Arteriole-to-Venule Ratio
Although one of the most standardized retinal measurements, AVR from different applications will differ as it is based on CRAE and CRVE, which vary depending on factors, such as the number of vessels measured. In our study, differences between AVR from VAMPIRE and SIVA ranged from 0.16 to 0.40. Based on average CRAE and CRVE values from SIVA (130.51–187.86 μm) and VAMPIRE (131.55–178.85 μm), a higher average AVR is found using VAMPIRE (0.74 vs. 0.70) due to the smaller difference between average artery and vein widths.
Tortuosity
Differences in the vessel segments that SIVA and VAMPIRE sample for tortuosity and in how these are combined into a single measure per image (i.e., the use of mean, weighted mean, or median to derive a single tortuosity value) are likely. Poor agreement of tortuosity values also could be due to validation differences (testing against clinical judgement after conversion to a 3- or 4-point scale, testing against different ground truth sets, annotated in turn by different experts), and the use of different computational definitions of tortuosity measured within different numerical ranges.29
Fractal Dimension
FD measurements are sensitive to variations in segmentation, image acquisition angle, and FD calculation algorithms.15 Differences between software in vessel detection and in the fractal computation in our study will have contributed to the different values that were returned. SIVA performs monofractal analysis using the box-counting method,45 whereas VAMPIRE performs monofractal using box counting and multifractal analysis using the generalized sand-box method.49 It should be noted, however, that in our experiments the multifractal VAMPIRE FD used in the current analysis had better agreement with FD analyzed by SIVA (ICCs from 0.373 to 0.410) than a monofractal FD calculated by VAMPIRE (ICCs from 0.192–0.195).

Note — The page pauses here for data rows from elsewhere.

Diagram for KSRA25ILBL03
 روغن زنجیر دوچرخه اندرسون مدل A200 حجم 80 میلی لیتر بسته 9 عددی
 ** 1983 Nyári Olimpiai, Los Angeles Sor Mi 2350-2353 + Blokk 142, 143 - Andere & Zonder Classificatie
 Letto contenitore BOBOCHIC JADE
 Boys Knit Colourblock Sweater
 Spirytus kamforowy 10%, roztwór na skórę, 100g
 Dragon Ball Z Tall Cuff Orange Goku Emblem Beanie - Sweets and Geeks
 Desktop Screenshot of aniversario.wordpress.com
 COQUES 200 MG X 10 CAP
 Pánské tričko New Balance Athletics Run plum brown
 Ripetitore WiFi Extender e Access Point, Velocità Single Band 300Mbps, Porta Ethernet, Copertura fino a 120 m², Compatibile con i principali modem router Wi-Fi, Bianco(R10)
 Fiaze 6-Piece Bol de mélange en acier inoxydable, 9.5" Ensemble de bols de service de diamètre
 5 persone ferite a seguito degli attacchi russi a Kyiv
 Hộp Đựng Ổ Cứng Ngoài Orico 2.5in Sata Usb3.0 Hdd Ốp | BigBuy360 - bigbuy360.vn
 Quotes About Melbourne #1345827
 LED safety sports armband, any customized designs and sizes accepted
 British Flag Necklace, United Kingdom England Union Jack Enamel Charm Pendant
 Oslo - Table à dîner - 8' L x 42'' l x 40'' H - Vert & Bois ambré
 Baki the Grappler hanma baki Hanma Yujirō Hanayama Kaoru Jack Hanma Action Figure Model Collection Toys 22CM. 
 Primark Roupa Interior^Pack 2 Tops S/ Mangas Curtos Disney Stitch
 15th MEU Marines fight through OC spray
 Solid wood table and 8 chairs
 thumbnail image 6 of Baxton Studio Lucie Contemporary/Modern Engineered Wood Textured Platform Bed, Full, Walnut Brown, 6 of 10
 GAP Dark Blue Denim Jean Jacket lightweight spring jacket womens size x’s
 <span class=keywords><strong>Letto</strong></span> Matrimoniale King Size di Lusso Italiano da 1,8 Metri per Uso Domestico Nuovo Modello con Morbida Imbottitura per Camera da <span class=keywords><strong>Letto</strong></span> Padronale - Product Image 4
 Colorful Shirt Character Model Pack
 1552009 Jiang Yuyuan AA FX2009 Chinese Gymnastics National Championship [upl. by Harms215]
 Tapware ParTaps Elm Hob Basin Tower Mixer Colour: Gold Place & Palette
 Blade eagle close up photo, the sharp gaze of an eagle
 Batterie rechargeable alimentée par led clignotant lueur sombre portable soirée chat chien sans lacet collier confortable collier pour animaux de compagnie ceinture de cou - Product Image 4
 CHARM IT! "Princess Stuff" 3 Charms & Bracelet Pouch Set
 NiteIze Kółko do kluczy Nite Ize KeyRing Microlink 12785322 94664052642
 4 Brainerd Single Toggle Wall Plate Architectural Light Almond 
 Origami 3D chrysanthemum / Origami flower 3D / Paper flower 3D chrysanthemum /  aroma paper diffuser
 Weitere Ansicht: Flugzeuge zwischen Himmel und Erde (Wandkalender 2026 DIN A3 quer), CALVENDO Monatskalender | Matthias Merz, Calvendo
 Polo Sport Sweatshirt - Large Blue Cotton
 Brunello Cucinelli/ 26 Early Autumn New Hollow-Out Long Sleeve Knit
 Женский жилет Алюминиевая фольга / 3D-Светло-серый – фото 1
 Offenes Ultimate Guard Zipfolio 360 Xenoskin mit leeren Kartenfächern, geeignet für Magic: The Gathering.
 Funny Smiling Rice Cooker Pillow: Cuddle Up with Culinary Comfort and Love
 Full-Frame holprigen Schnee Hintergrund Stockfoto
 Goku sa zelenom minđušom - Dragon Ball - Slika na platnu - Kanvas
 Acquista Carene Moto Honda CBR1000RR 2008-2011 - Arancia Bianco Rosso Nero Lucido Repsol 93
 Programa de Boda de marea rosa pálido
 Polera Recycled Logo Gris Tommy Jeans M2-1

Algorithm Based Measurement
The current practice of estimating vessel width relies upon derived parameters (CRAE and CRVE) that are based on an algorithm, in itself is an estimation. As vessel width is not derived from direct measurement of a physiologic or anatomic feature, the reliability of the measurement, thus, is dependent on reliability of the algorithm. Algorithms also are used in measurement of other parameters that have proven difficult to quantify directly, such as tortuosity, for which numerous algorithm variations exist attempting to capture the curvature of vessels.
Pixel to Micron Conversion
For the purposes of comparison across imaging systems and software packages, pixel measurements of CRAE and CRVE frequently are converted to standard units of length (i.e., micrometers). The same approach was used in this study for SIVA and VAMPIRE (1800 μm/average OD diameter), as recommended by the SIVA protocol.26 However, assuming the make and model of the camera system and the angle of acquisition are consistent, then the conversion factor depends on the average OD diameter measurement in the specific patient sample. Considerable variation exists in OD size within and between populations.50 The use of a sample-specific conversion factor based on the sample average OD diameter (and on assumed 1800 μm average OD diameter) may have important implications for retinal measurements; this becomes evident when retinal measurements in micrometers based on the standard image conversion factor (ICF = 1800 μm/average OD diameter) are compared to those calculated using a conversion factor unique to an individual (1800 μm/individual OD diameter). We ran this test with a set of 10 LBC1936 images (two images selected at each quintile point of OD diameter range), converting VAMPIRE CRAE and CRVE measurements from pixels to micrometers using the standard and an individual conversion factors (See Supplementary Table S3). Individual OD diameters varied from the sample mean by up to 367 pixels (the average diameter being 428.92 pixels, SD = 48.14); this resulted in conversion factor differences of up to 3.6 (sample data ICF range = 6.35–2.76 vs. standard whole sample ICF 4.28). Subsequent CRAE and CRVE from the same image differed by up to 58 and 76 μm, respectively (the averages of standard and individual ICF measures of CRAE and CRVE being, respectively, 134.57 vs. 132.32 and 182.07 vs. 183.17) and the difference between standard and individual conversion factor produced CRAE and CRVE mean measurements was significant (P < 0.05; see Supplementary Table S4).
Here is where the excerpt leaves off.